Today, VMware announced the vExpert class of 2020 and as per usual this generated lots of social media buzz as well as the now customary backlashes that have to do with non selections and exclusions. For me, it’s my 9th year in the program and while things are very different for me compared to when I first started as a vExpert, the essence of the program is something that still resonates strongly with me. I basically would not be where I am now with the vExpert program. For all its perceived faults and larger and larger numbers I believe it offers value to both VMware and those that are in the program.
As I went through this process, I reflected on a lot of Tweets that I saw since the emails went out from perennial vExperts to those who where first time vExperts… it all means something different to everyone and no one has the right to devalue that… for any reason!
Being awarded a vExpert for 2012 is a great honour and being part of a special group of industry peers is very satisfying for someone who has come full circle when it comes to my journey with Virtualization. One of the unique aspects of this award is that it’s not tied to a certification…which is a good thing for me
The VMware community is unbelievably strong and it’s safe to say that over the past 12 months I’ve made a lot of new friends and been involved in lots of special forums and events as well as being continually amazed by the power of virutalization by way of delivering VMware products and services to clients and being able to get hands on with upcoming product releases.
There are now over 1000 vExperts worldwide and while I have questioned the swelling of the vExpert numbers over the past couple of years I believe that the community is as strong as ever and the nomination/vetting process undertaken by the team at VMware ensures all those that get the badge…earn it. There are tens of thousands VMware IT Professionals worldwide…to be 1 of 1000 is very unique!
We should not feel guilty about receiving these gifts but we must also understand that they do come with a small price…However the fact that we are passionate and all get off on technology means that in accepting these gifts we are doing exactly what the program is designed for…that is to help promote VMware and their partners…and in turn great tech!

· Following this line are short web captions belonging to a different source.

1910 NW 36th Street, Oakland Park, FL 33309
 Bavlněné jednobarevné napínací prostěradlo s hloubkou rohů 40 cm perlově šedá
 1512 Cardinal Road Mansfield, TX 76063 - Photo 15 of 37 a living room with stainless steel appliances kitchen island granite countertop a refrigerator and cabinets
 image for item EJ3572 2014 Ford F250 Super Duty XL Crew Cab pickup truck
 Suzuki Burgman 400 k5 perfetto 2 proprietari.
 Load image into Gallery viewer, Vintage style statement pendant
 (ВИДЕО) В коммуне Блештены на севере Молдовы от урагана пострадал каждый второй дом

Once you have the title it’s important to understand that there is a responsibility associated with it…it’s not just about the free gear though as I have stated before you should accept that as a perk of being part of the program and you shouldn’t feel like a “vendor whore” for accepting that shirt or coffee mug. Going back to responsibility, what I mean by that is that you should wear the badge proudly…understand that you have taken the time to apply/reapply for the award because you believed yourself worth of filling the selection criteria and use the award as a stepping stone to improve on the activities that got you there the year before.
That is to say that while many established vExpert’s assume entry there are a number of people that desire entry. This is an important indicator on the strength of the program and the continued high regard the vExpert program should still be held in. It’s easy to criticise from the inside, however that can’t be allowed to tarnish the reputation of program externally.
In additional to that, as I work in the vendor space these days and help with an advocacy program of our own…I’ve come to realise the importance that grass roots communities play in the overall health of vendors. When you take your eye off the rank and file, the coal face…whatever you want to call it…there is a danger that your brand will suffer. That is to say, never underestimate the power of the vCommunity as major influences.
As you can see from the above blog post titles and content quotes… Journey, Passion, Community, Advocacy, Value, Importance… I feel like these are the essence of a successful influencer and advocacy program such as the vExpert Program. Yes it has grown and yes not everyone still believes in it, but at it’s core there is a purpose to it. Advocacy programs are tough to manage and tough to keep relevant. VMware are doing the best they can to balance numbers with quality. They have established sub-programs and are now looking to extend them in 2020 and make them more meaningful. As mentioned in the first paragraph… I owe a lot to this program and i’m glad to remain an active contributor and member.